Friday, September 10, 2010
we scare the other team with our maddog faces (sept.9th)
clothes on my bed. Towel on her head. making grossed out sounds whilst watching someone get their femur broken. why yes, yes I am just listing things I see and hear. gaahh I have nothing to say so I will tell you an amusing anecdote from today. Caitlin and I were buying our food at a restaurant and when Caitlin received her change she went to put the coins in the tip jar and accidently dropped some of her paper money in and then tried to take it back out which took, no exaggeration, at least two minutes. And the whole time the lady at the register was just maddoggin her and I was just dying of laughter instead of being helpful. It was truly a beautiful moment! And the bad tasting pizza tasted so much better than it normally does. Oh how I dearly love to laugh.
I came across all these really great color photographs from the 40s
I came across all these really great color photographs from the 40s
Wednesday, September 8, 2010
ala lalala alalalala I'm uninspired
Tired is what I am today, today was too much on one hour of sleep.
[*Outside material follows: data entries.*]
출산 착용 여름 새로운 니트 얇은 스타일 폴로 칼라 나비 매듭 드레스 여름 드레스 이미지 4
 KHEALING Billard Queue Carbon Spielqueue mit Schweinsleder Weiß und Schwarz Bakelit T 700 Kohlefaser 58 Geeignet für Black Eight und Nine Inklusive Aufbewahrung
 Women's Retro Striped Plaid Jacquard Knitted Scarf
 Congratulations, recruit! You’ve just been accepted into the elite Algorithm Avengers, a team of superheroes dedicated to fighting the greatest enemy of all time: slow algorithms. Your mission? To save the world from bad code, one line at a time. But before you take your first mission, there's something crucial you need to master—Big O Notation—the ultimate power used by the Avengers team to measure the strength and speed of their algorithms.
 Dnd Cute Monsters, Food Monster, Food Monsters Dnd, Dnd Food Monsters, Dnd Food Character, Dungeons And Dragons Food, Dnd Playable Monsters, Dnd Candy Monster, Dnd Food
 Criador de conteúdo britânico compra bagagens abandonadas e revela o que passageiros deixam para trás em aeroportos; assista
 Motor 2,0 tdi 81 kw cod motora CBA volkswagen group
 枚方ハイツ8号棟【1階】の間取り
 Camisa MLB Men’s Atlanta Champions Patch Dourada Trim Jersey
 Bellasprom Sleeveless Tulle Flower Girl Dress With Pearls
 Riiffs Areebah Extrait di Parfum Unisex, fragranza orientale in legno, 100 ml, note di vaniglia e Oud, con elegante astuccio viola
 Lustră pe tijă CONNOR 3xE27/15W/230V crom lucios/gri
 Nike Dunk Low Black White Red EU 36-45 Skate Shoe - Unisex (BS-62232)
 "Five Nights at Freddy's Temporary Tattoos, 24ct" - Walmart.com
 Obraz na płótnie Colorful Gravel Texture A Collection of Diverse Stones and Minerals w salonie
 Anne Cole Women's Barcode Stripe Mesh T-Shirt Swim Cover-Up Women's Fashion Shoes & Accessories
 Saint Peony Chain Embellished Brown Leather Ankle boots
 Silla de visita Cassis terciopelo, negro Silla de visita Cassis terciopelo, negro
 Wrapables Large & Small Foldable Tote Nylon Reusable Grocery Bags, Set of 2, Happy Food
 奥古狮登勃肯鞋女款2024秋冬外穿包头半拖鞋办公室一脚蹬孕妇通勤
I went to school I came home did homework went back to school came home changed clothes went to work came home changed clothes again picked up the brother from a practice came home went up to Baldy with some old friends Drank hot chocolate and now I'm here... back home... exhausted, and too uninspired to write anything of substance.
Flubber and Twinkies: all a girl needs in life.
Tuesday, September 7, 2010
these are a few of my favorite things
Things I like and I love for the moment.
I love food always.
especially colorful food
especially sweet food
I like when people can see the big picture.
I love things out of the ordinary.
I like beautiful people.
I love street art.
I love things that make me laugh.
I like things that are clever.
I love the rain.
I like Ice tea.
I like smiling faces.
I love foxes always.
September 6th
My eyelids are drooping, each time I blink they want to stay down. Exhaustion is waiting to consume me. My dreams will come soon and I'll forget to remember most of them. My legs are restless wanting more movement the rest of me is protesting the late hour.
My brain's got nothing left to give and I rather joyously anticipate the morning sun along with birds that chirp. Reason being tomorrow is the day I run again and I can't explain what its like but I think tomorrow I'll try.